Human norovirus is the leading cause of viral gastroenteritis worldwide resulting in an estimated 200,000 deaths annually. Since the mid 1990’s human noroviruses have been implicated in frequent global pandemics highlighting this virus as a major public health concern. Enteropathogenic E. coli (EPEC) is also an enteric pathogen of significant concern to public health. In many developing countries EPEC infections are the leading cause of death in children with diarrhea.
The gut mucosa is a key interface between the environment and the body and is the first point of exposure for many pathogens including EPEC and noroviruses. Furthermore, these pathogens are routinely circulating in the same environment and thus interactions are predicted to be likely. While the specific interactions between noroviruses and EPEC have not been investigated, previous studies have implicated bacterial cofactors as important for the establishment of norovirus infection.

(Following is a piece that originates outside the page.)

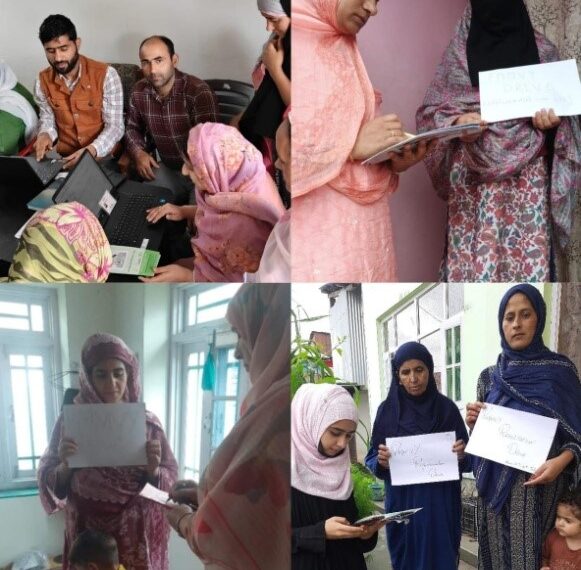 Poshan Ang launches special enrollment drive under PMMVY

Additionally, both EPEC, through its effector proteins delivered by a type III secretion system, and noroviruses, through the function of their nonstructural proteins, have been shown to modulate host cell functioning and immune sensing. In order to determine if this pathogenic coinfection results in a synergistic or antagonistic symbiosis, coinfections of bone marrow derived macrophages with murine norovirus (MNV) and EPEC were performed and viral replication assessed. Findings suggest a role for EPEC in modulating MNV replication early during infection and promotion of cell survival in the presence of an established MNV infection.